Spring into flavors!

My favorite colorful spring salad!

Spring Chickpea & Veggie salad

Here’s my version of colorful spring salad. With a touch of warm spice in the dressing, it brings a ton of flavor to the salad.

Ingredients:

  • 1 cup chickpeas (cooked or canned, drained & rinsed)

  • 1 cucumber, diced

  • 3 bell peppers, use half of each color (red, yellow & green), diced

  • ½ red onion, finely chopped

  • ½ cup broccoli, cut into small florets

  • ¼ cup dried cranberries

  • 2 tbsp Avocado oil

  • 1 tbsp lemon juice (freshly squeezed)

  • 1 tsp honey (or maple syrup)

  • ½ tsp salt

  • ½ tsp black pepper

  • ½ tsp cumin powder (optional, for an extra depth of flavor)

  • 2 tbspn sliced almonds

Instructions:

Prepare the veggies: Dice the cucumber, bell peppers, and red onion. Cut the broccoli into small bite-sized florets.

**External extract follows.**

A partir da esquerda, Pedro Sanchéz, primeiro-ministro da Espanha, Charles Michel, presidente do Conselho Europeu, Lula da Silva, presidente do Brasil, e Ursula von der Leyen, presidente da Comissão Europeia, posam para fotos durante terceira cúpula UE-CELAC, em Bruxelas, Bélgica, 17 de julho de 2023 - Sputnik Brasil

  1. Blanch the broccoli: Bring a pot of water to a boil, add broccoli for 1 minute, then drain and rinse with cold water to keep it crisp.

  2. Mix the salad: In a large bowl, combine chickpeas, cucumber, bell peppers, onions, broccoli, and dried cranberries.

  3. Prepare the dressing: In a small bowl, whisk together olive oil, lemon juice, honey, salt, black pepper, and cumin powder (if using). I have used 1 tspn of mayo as well in my dressing. If you like it pls add that as well at this time.

  4. Toss and serve: Pour the dressing over the salad and toss well to combine.

  5. Garnish with fresh cilantro(if you like) and sliced almonds. Serve immediately.